*WHAT TO DO*
Once the line containing "怀孕期间|男孩陪46岁妈妈待产,被医生夸赞孝顺,孕妈:他是宝宝的爸爸" is found in the records below, return it and each following line exactly, up to and including the line containing "chic-twopiece-lounge-set-for-r-1-cep2xl", and nothing else.
[Opening DATA TO EXAMINE section]
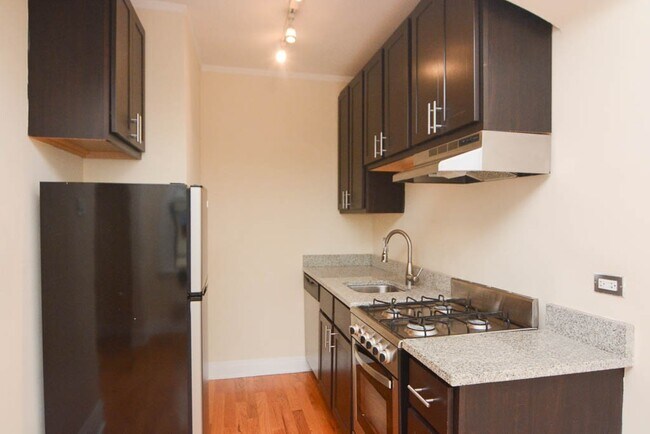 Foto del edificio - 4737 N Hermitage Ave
[Closing DATA TO EXAMINE section]
[Opening DATA TO EXAMINE section]
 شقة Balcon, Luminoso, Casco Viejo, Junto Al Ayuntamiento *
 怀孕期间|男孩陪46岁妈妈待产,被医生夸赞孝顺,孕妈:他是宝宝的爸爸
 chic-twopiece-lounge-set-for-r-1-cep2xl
[Closing DATA TO EXAMINE section]
*RESPONSE AREA*
 怀孕期间|男孩陪46岁妈妈待产,被医生夸赞孝顺,孕妈:他是宝宝的爸爸
 chic-twopiece-lounge-set-for-r-1-cep2xl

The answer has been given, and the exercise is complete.